O what a fool’s paradise was the heart of the Pharisee now in, while he stood in the temple praying to God! God, I thank thee, said he; for I am good and holy; I am a righteous man; I have been full of good works; I am no extortioner, unjust, nor adulterer, nor yet as this wretched Publican. I have kept myself strictly to the rule of mine order, and my order is the most strict of all orders now in being: I fast, I pray, I give tithes of all that I possess. Yea, so forward am I to be a religious man, so ready have I been to listen after my duty, that I have asked both of God and man the ordinances of judgment and justice; I take delight in approaching to God. What less now can be mine than the heavenly kingdom and glory?

Now the Pharisee, like Haman, saith in his heart, To whom would the king delight to do honour more than to myself? Where is the man that so pleaseth God, and, consequently, that in equity and reason should be beloved of God like me? Thus like the prodigal’s brother, he pleadeth, saying, “Lo, these many years do I serve thee; neither transgressed I at any time thy commandments,” Luke xv. 29. O brave Pharisee! but go on in thine oration—“Nor yet as this Publican.”

Poor wretch, quoth the Pharisee to the Publican, What comest thou for? Dost think that such a sinner as thou art shall be heard of God? God heareth not sinners; but if any man be a worshipper of God (as I am, as I thank God I am), him he heareth. Thou, for thy part, hast been a rebel all thy days: I abhor to come nigh thee, or to touch thy garments. Stand by thyself, come not near me, for I am more holy than thou; Isa. lxv. 5.

Hold, stop there, go no further: fie, Pharisee, fie! dost thou know before whom thou standest, to whom thou speakest, and of what the matter of thy silly oration is made? Thou art now before God, thou speakest now to God, and therefore in justice and honesty thou shouldst make mention of his righteousness, not of thine; of his righteousness, and of his only.

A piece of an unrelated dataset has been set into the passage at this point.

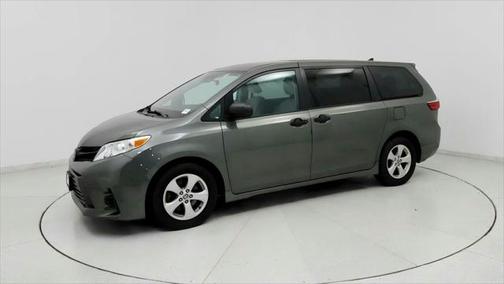 2020 Toyota Sienna SE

I am sure Abraham, of whom thou sayst he is thy father, never had the face to do as thou hast done, though, it is to be presumed, he had more cause so to do than thou hast, or canst have. Abraham had whereof to glory, but not before God; yea, he was called God’s friend, and yet would not glory before him; but humbleth himself, was afraid, and trembled in himself, when he stood before him acknowledging of himself to be but dust and ashes; Gen. xviii. 27, 30, 22; Rom. iv. 1, 2; but thou, as thou hadst quite forgot that thou wast framed of that matter, and after the manner of other men, standest and pleadest thy goodness before him? Be ashamed, Pharisee!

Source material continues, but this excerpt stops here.